Instructions for the task >> What the answer must contain is every line of the records, exactly, with no pictures.

Image-text web data
━━━━━━━━━━━━━━━━━━━━
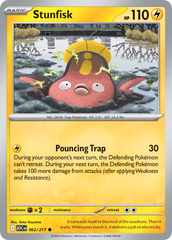 Stunfisk - 062/217 - Ascended Heroes
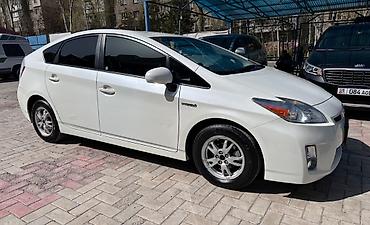 tayota progres: Toyota Prius: 2010 г., 1.8 л, Вариатор, Гибрид, Седан — 8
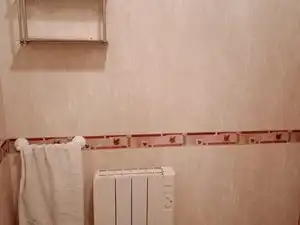 Baño de Casa o chalet en venta en Escalona con Calefacción, Terraza y Trastero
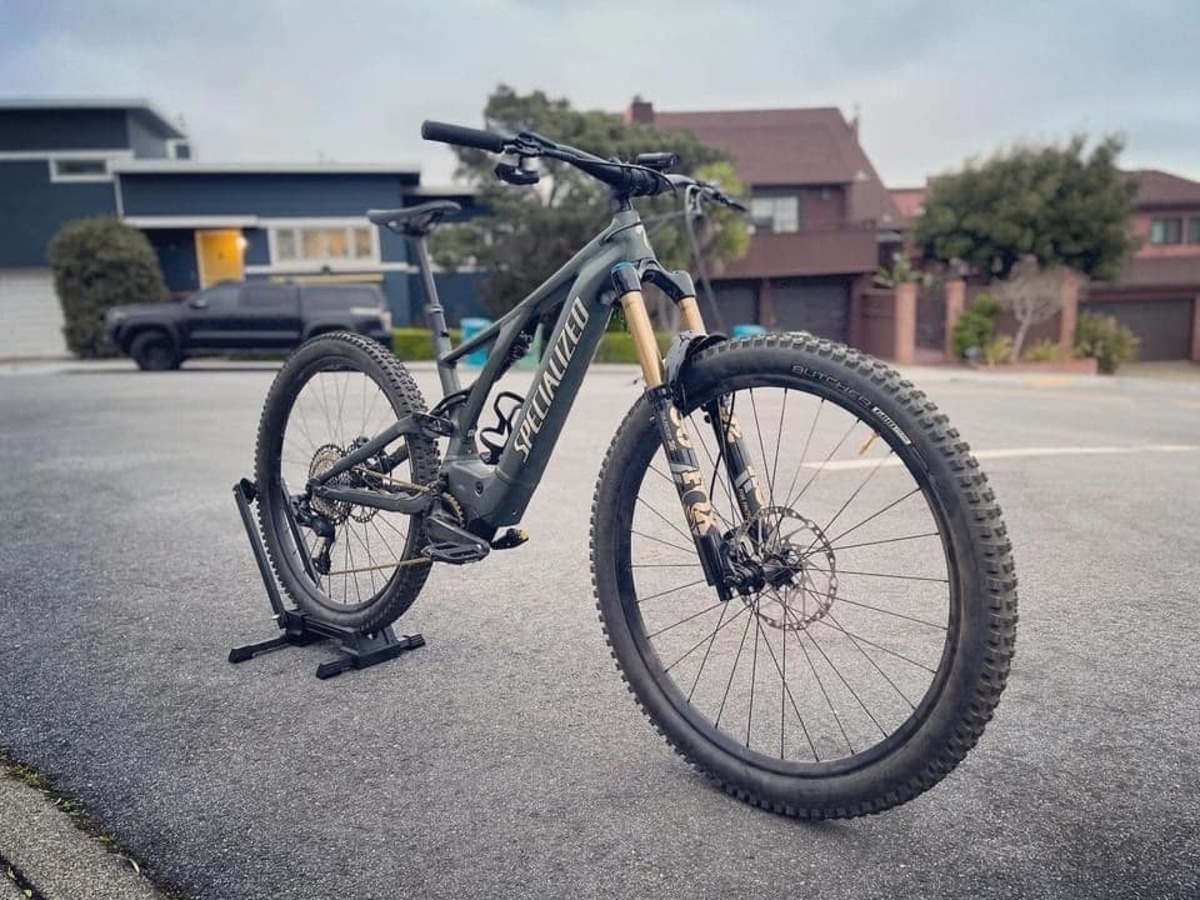 Bike photo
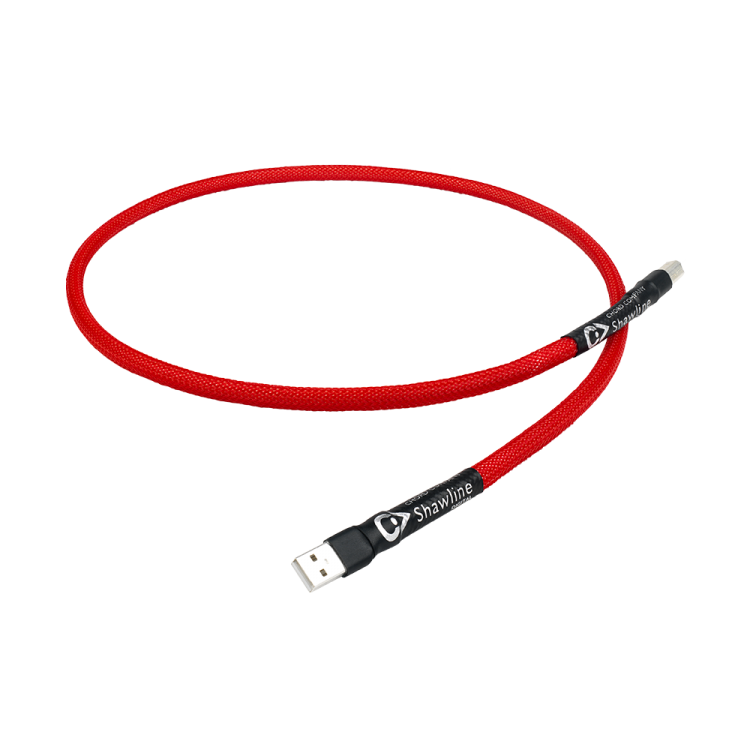 Chord Shawline USB digital audio interconnect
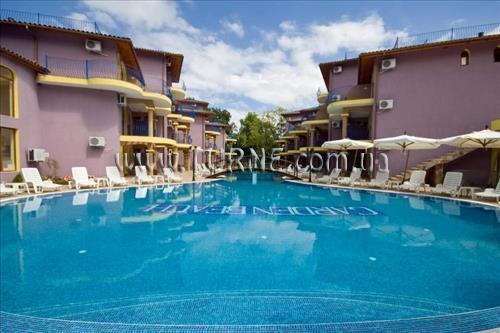 Апартаменти Garden Beach 3*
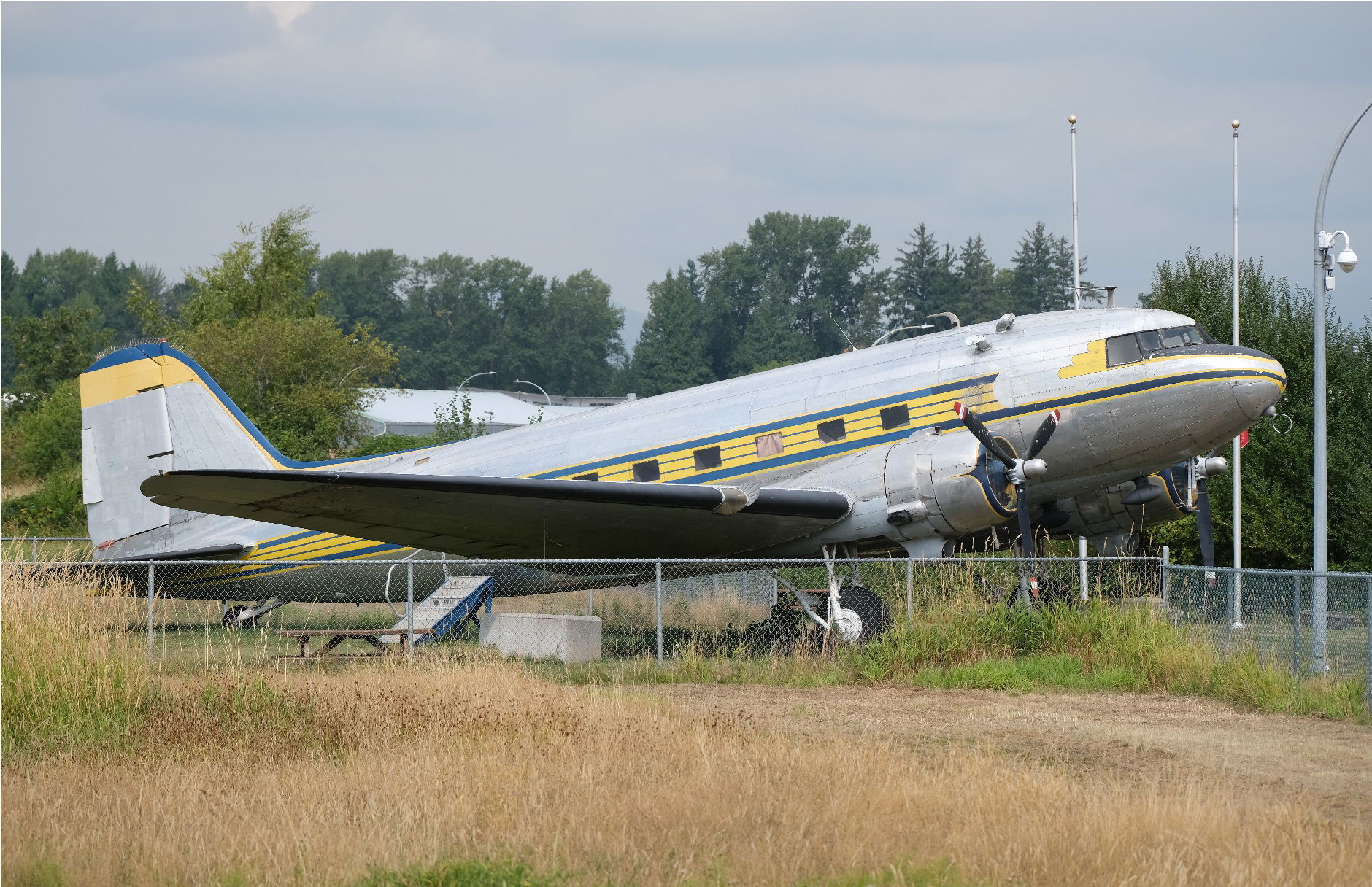 Langley Airport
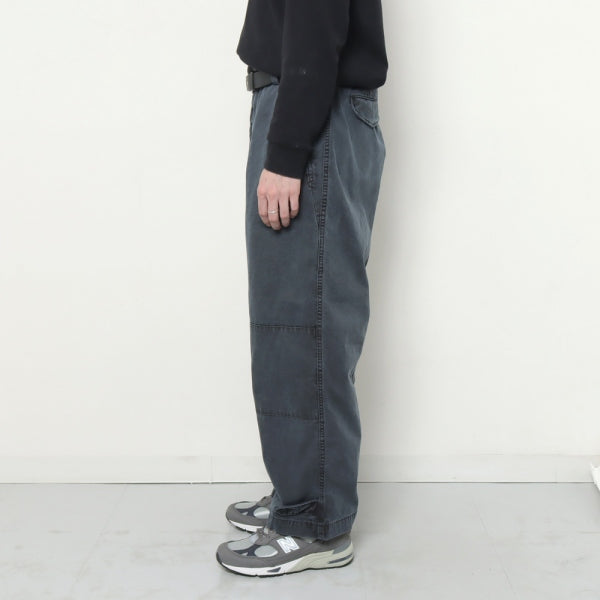 OUTIL/ウティ】 pantalon autrac OU-P038-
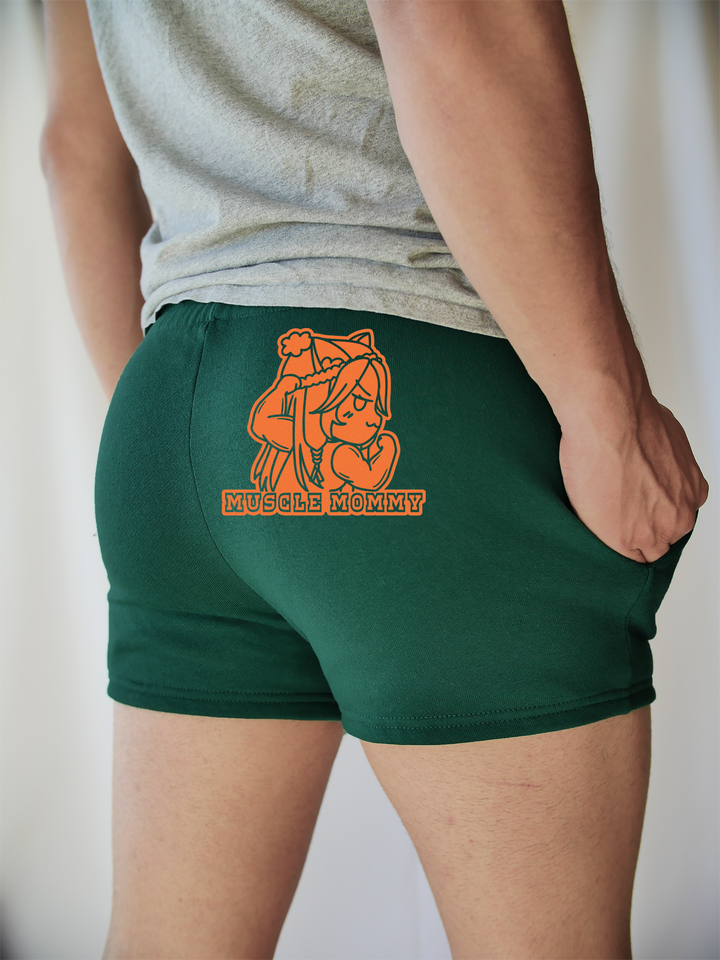 Muscle Mommy Sweatshorts v2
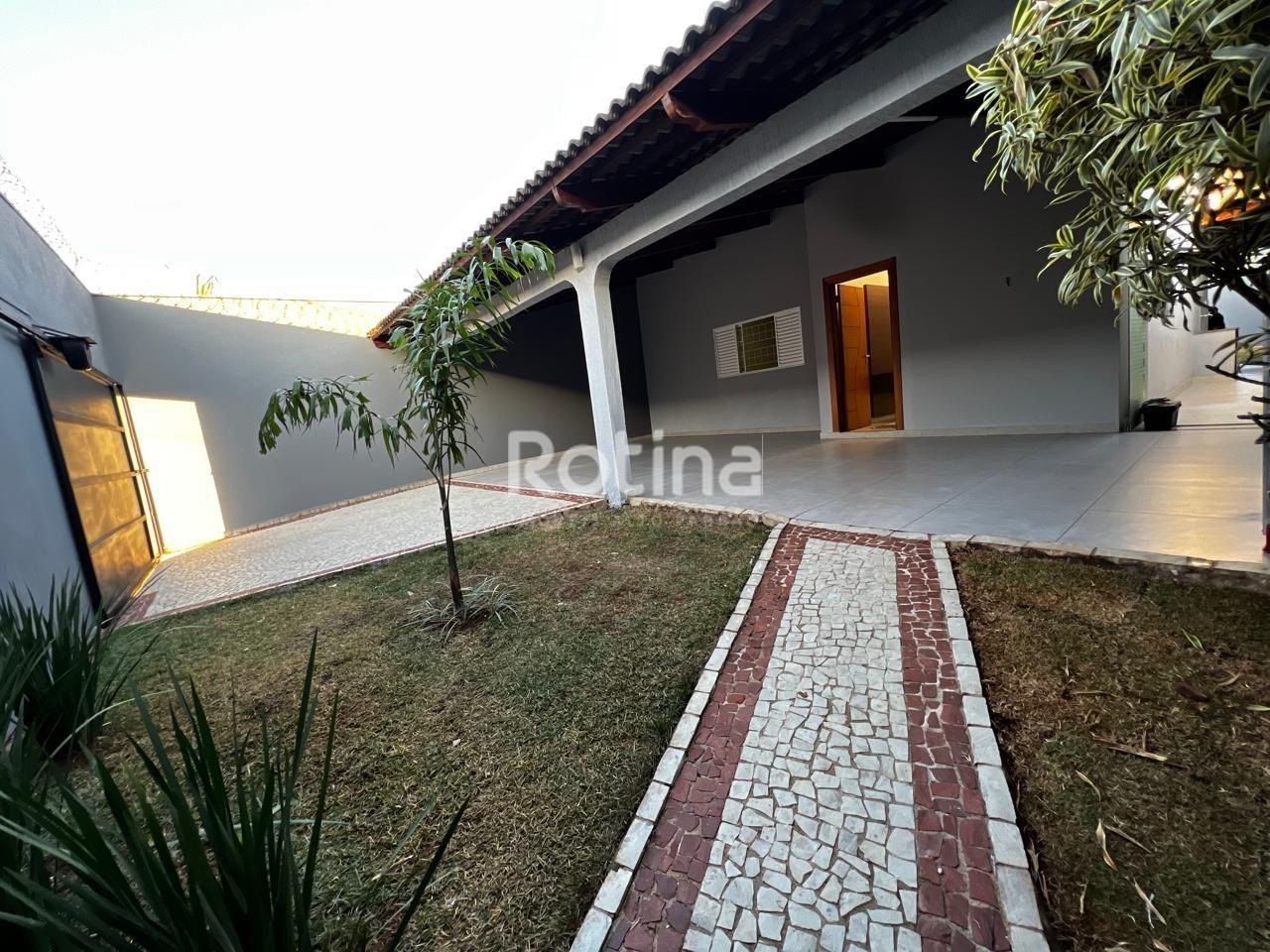 Casa à venda, 3 quartos em Uberlândia no bairro Osvaldo Rezende no valor de R$ 820.000,00 - Rotina Imobiliária:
━━━━━━━━━━━━━━━━━━━━
Written answer >>
 Stunfisk - 062/217 - Ascended Heroes
 tayota progres: Toyota Prius: 2010 г., 1.8 л, Вариатор, Гибрид, Седан — 8
 Baño de Casa o chalet en venta en Escalona con Calefacción, Terraza y Trastero
 Bike photo
 Chord Shawline USB digital audio interconnect
 Апартаменти Garden Beach 3*
 Langley Airport
 OUTIL/ウティ】 pantalon autrac OU-P038-
 Muscle Mommy Sweatshorts v2
 Casa à venda, 3 quartos em Uberlândia no bairro Osvaldo Rezende no valor de R$ 820.000,00 - Rotina Imobiliária:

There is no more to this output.